THE PROBLEM:
All of the data goes into your copy exactly as written. Images do not.

EXERCISE DATA:
□ □ □ □ □

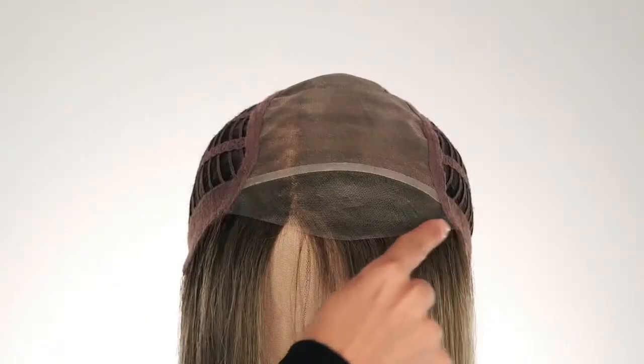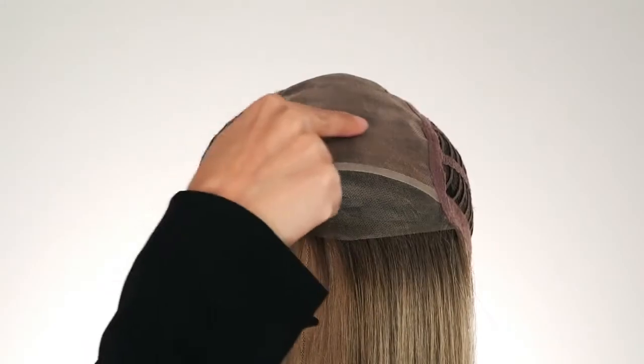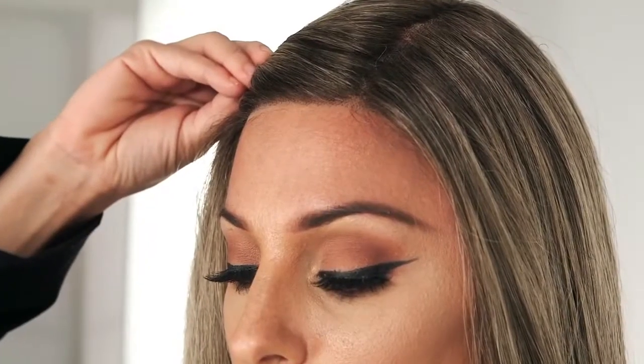Let me show you this outfit. Ariana by Jon Renau is a stunning extra-long layered style. This synthetic piece has a smart lace front and monofilament top, which provides the most natural movement and allows for a seamless and natural off-the-face styling.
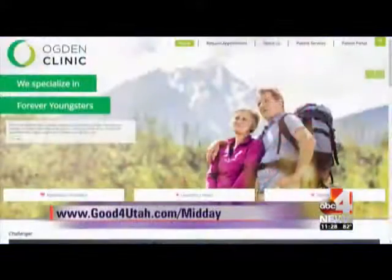It looks like coral — something you'd see in the ocean — you don't want it in your kidneys. If you have questions, the Ogden Clinic has answers. Go to goodforyoutah.com/midday for a link to all of their information. Dr. Wayman, thank you so much.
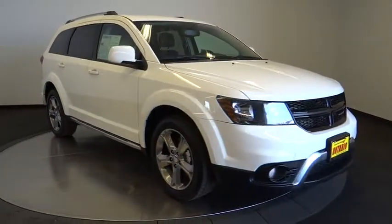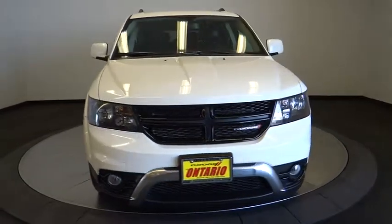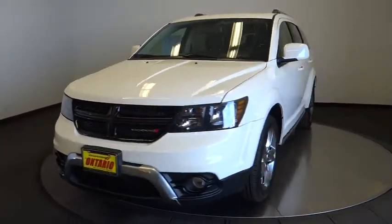The 2017 Dodge Journey. Dodge Journey combines the practicality of an SUV with the comfort of a car, all while boasting a style all its own.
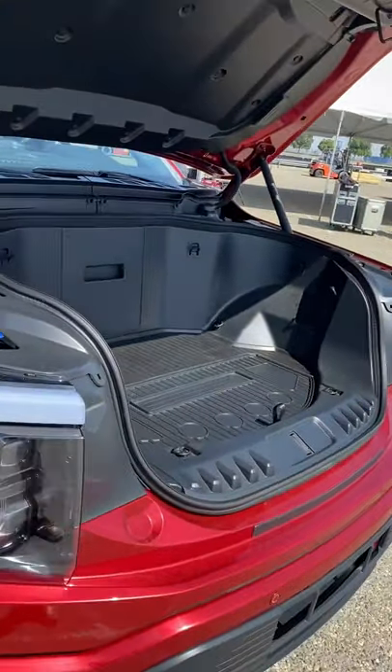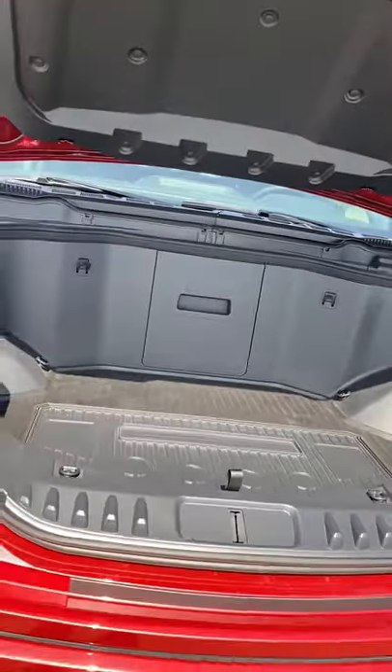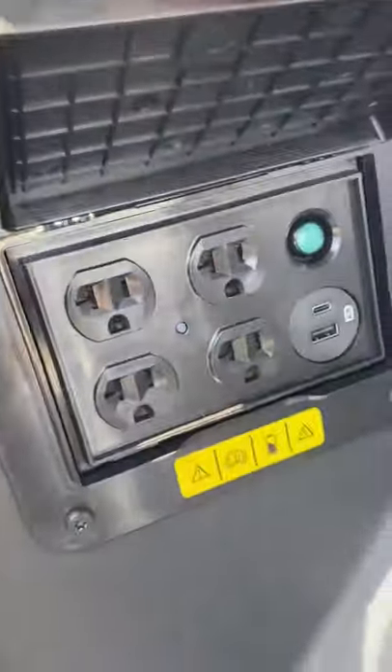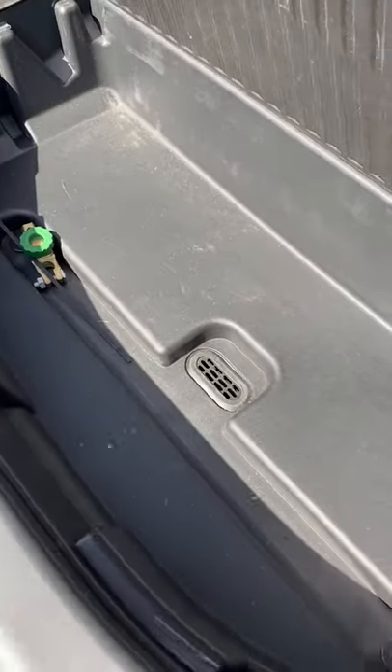One of the coolest parts is that all F-150 Lightnings get this front trunk with 14 cubic feet of space that can hold up to 400 pounds of stuff. It also has four electrical outlets and two USB ports. It's perfect for tailgating too, because there's a basin with a drain plug, so melted ice for food and drinks goes right down there.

□ □ □ □ □

ANSWER BOX:
Let me show you this outfit. Ariana by Jon Renau is a stunning extra-long layered style. This synthetic piece has a smart lace front and monofilament top, which provides the most natural movement and allows for a seamless and natural off-the-face styling.
It looks like coral — something you'd see in the ocean — you don't want it in your kidneys. If you have questions, the Ogden Clinic has answers. Go to goodforyoutah.com/midday for a link to all of their information. Dr. Wayman, thank you so much.
The 2017 Dodge Journey. Dodge Journey combines the practicality of an SUV with the comfort of a car, all while boasting a style all its own.
One of the coolest parts is that all F-150 Lightnings get this front trunk with 14 cubic feet of space that can hold up to 400 pounds of stuff. It also has four electrical outlets and two USB ports. It's perfect for tailgating too, because there's a basin with a drain plug, so melted ice for food and drinks goes right down there.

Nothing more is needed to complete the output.